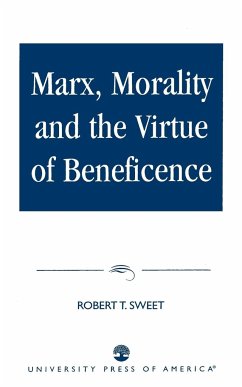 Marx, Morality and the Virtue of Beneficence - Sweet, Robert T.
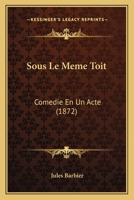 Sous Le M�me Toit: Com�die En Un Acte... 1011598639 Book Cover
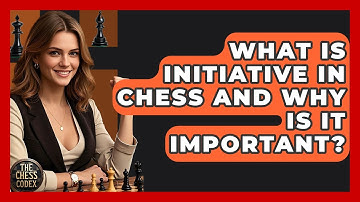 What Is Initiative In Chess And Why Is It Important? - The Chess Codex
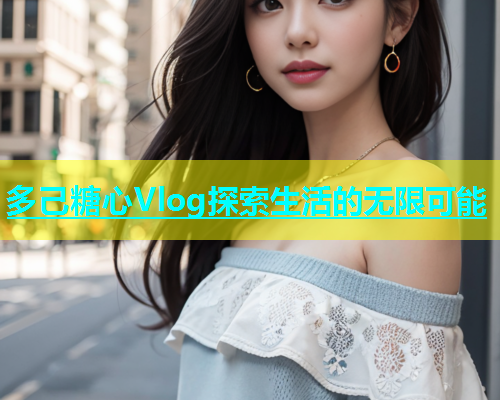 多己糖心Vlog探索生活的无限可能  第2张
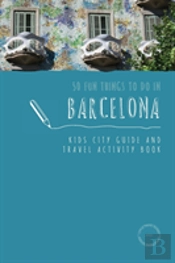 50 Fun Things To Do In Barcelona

════════

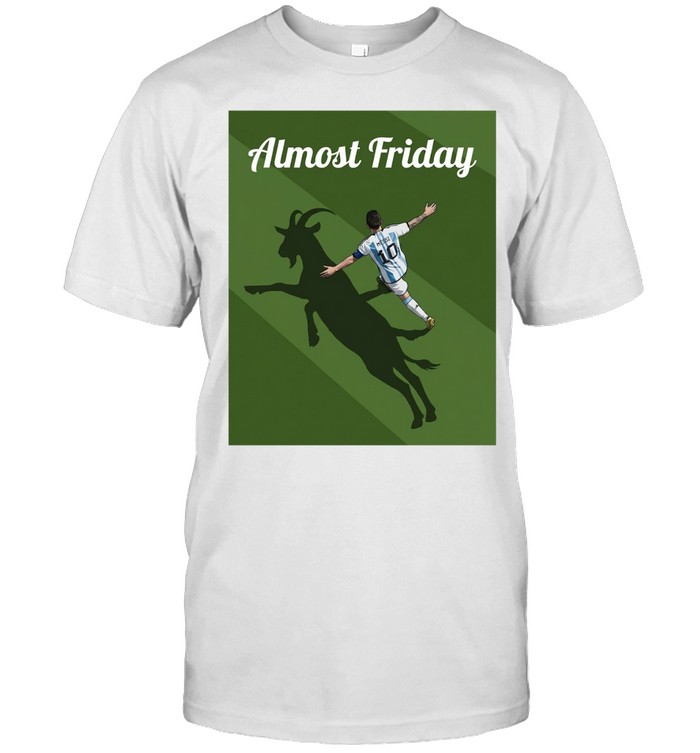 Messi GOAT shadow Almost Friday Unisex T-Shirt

════════

* **Exercise instructions**:
What should come back is an exact copy of the lines above from the line with "Marx, Morality and" to the line with "50 Fun Things To Do In Barcelona", both included, minus the pictures.

* **Written solution**:
 Marx, Morality and the Virtue of Beneficence - Sweet, Robert T.
 Sous Le M�me Toit: Com�die En Un Acte... 1011598639 Book Cover
 What Is Initiative In Chess And Why Is It Important? - The Chess Codex
 多己糖心Vlog探索生活的无限可能  第2张
 50 Fun Things To Do In Barcelona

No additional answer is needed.